Without going into detail about the answers to all 14 questions (the complete answers can be found at http://www.sciencedebate2008.com/www/index.php?id=42), we’ll point to major themes that emerge from McCain’s answers.
Senator McCain twice invokes his career as a Navy officer in the course of 14 answers. In one case, he points out the dependence of military personnel on science and technology, and in the other he cites his Navy career in calling for better scientific understanding of the oceans, especially their role in climate change. He strongly supports nuclear power as an answer to our dependence on fossil fuels: he promises to put the country on track to build 45 new reactors by 2030.
He is also committed to exploring other ways to produce the increasing amount of energy the country will need, such as investing $2 billion a year for the next 15 years on clean coal technologies, and a $5,000 tax credit annually for any American who buys a zero-emission car. He will establish a $300 million prize–$1 for each American–for the development of a battery package that will essentially replace the gasoline engine.
McCain believes that education in science, mathematics, engineering, and technology (STEM) is the key to maintaining our ability to compete in the global economy. He will not only promote student achievement in STEM, but will also provide incentive bonuses to teachers. A competitive grant program, funded with $250 millions, will expand online education in STEM.
McCain cites his experience as chair of the Senate Commerce, Science, and Transportation Committee when he endorses the commercial space industry.
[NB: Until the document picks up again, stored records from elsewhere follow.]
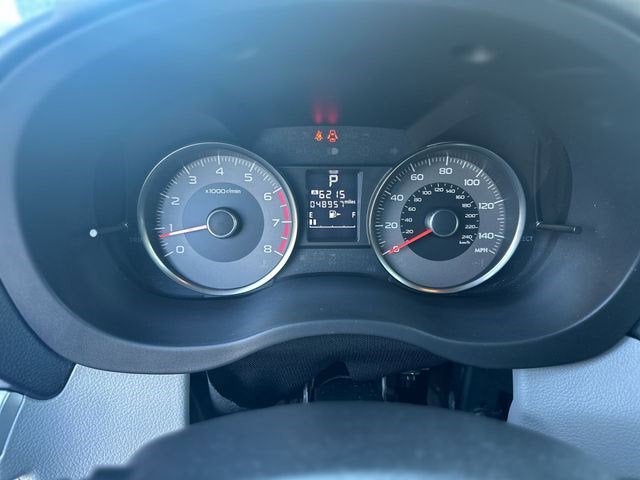 2015 Subaru FORESTER Limited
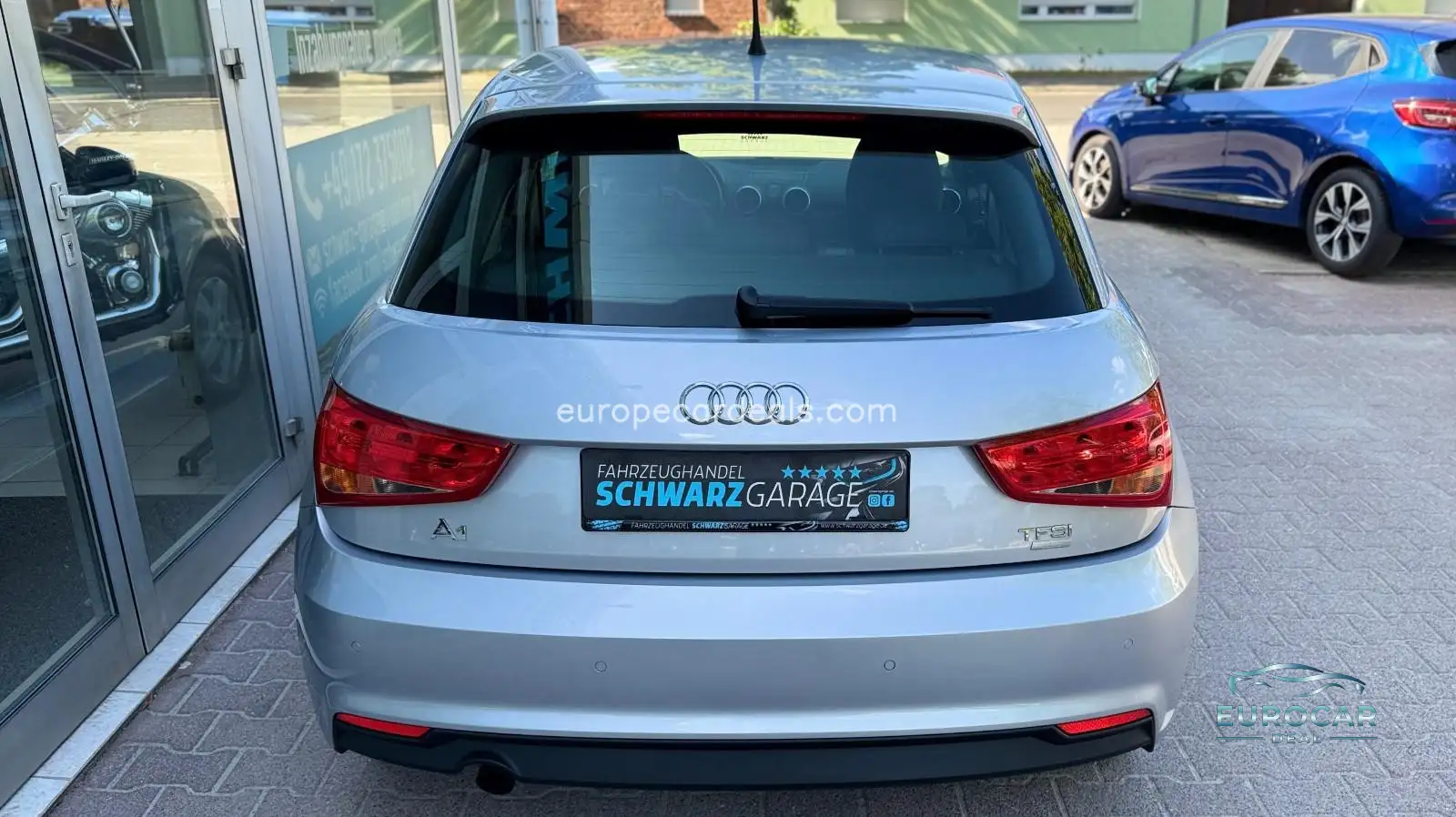 Audi A1
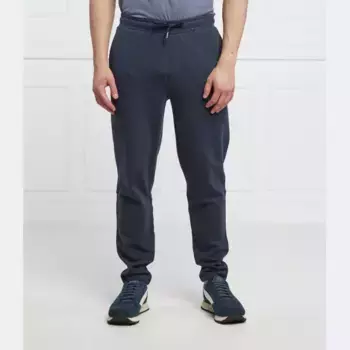 Спортивные брюки стандартного кроя Armani Exchange, синий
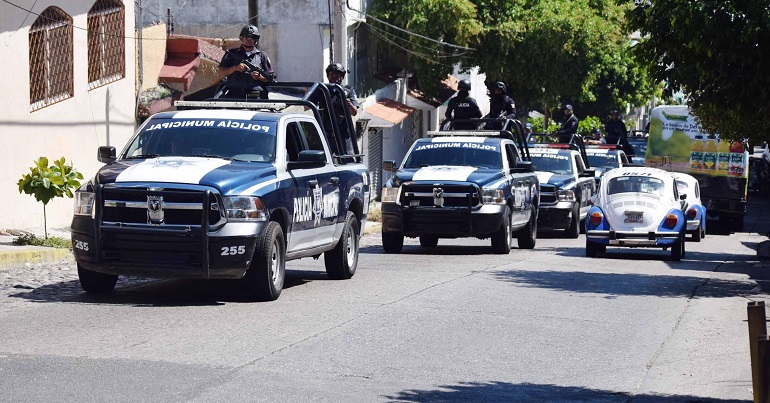 DETIENEN POLICÍAS DE ACAPULCO A UN HOMBRE ACUSADO DE ABUSAR DE UNA MENOR DE EDAD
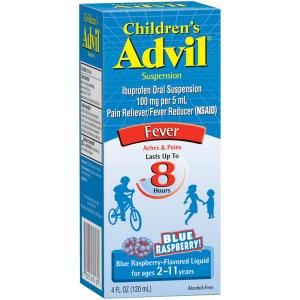 Advil Childrns bl Rspry 4 fl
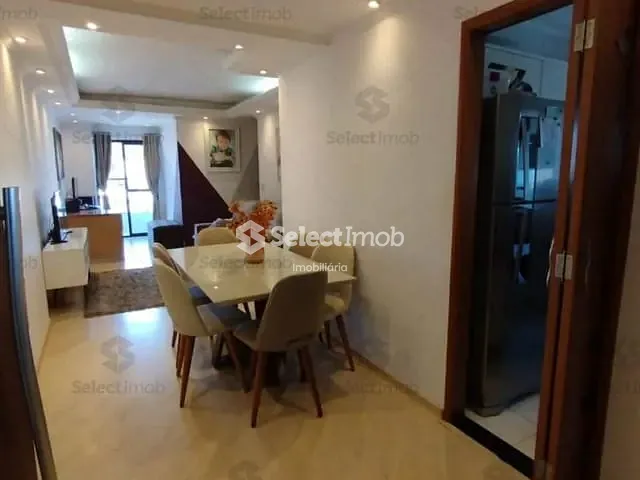Apartamento com 78m² 3 quartos e 2 banheiros, à venda, no bairro Boa Vista em São Caetano do Sul
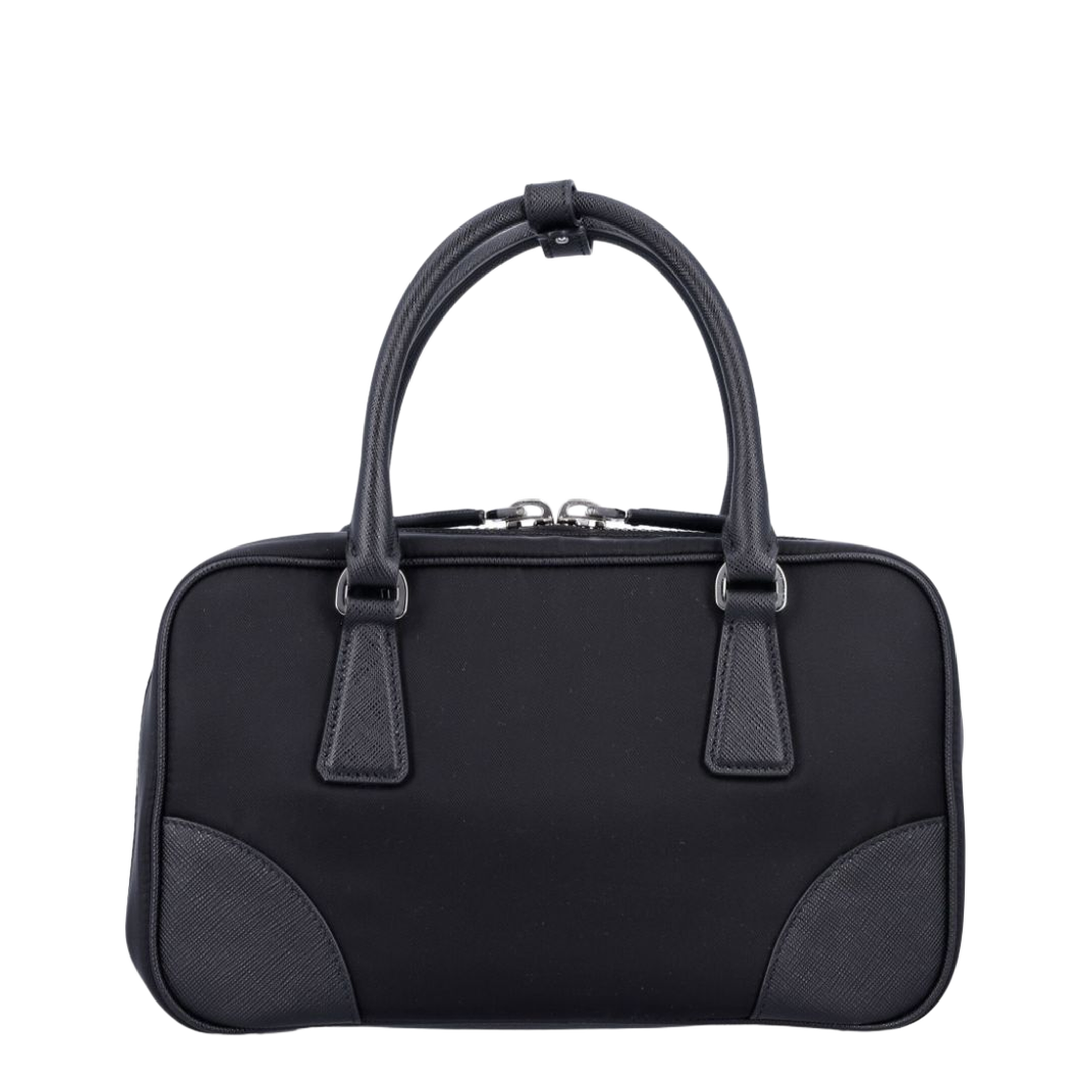 MAYFEYR - Prada - Re-Edition 1978 Embellished Two-Handle Bag - 1BB121VTRO2C4Q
He sees space exploration as a national priority and wants to maximize the research and commercial possibilities of the space station’s laboratory.
While supporting federal funding for embryonic stem cell research, he will refuse “to sacrifice moral values and ethical principles for the sake of scientific progress.” He believes that the major concern with the American health care system is that it costs too much, and that the appropriate use of technology will reduce costs.
In general, McCain supports science education, scientific research and the development of technology to implement a “global competitive agenda,” involving business and industry as partners with the U.S. government.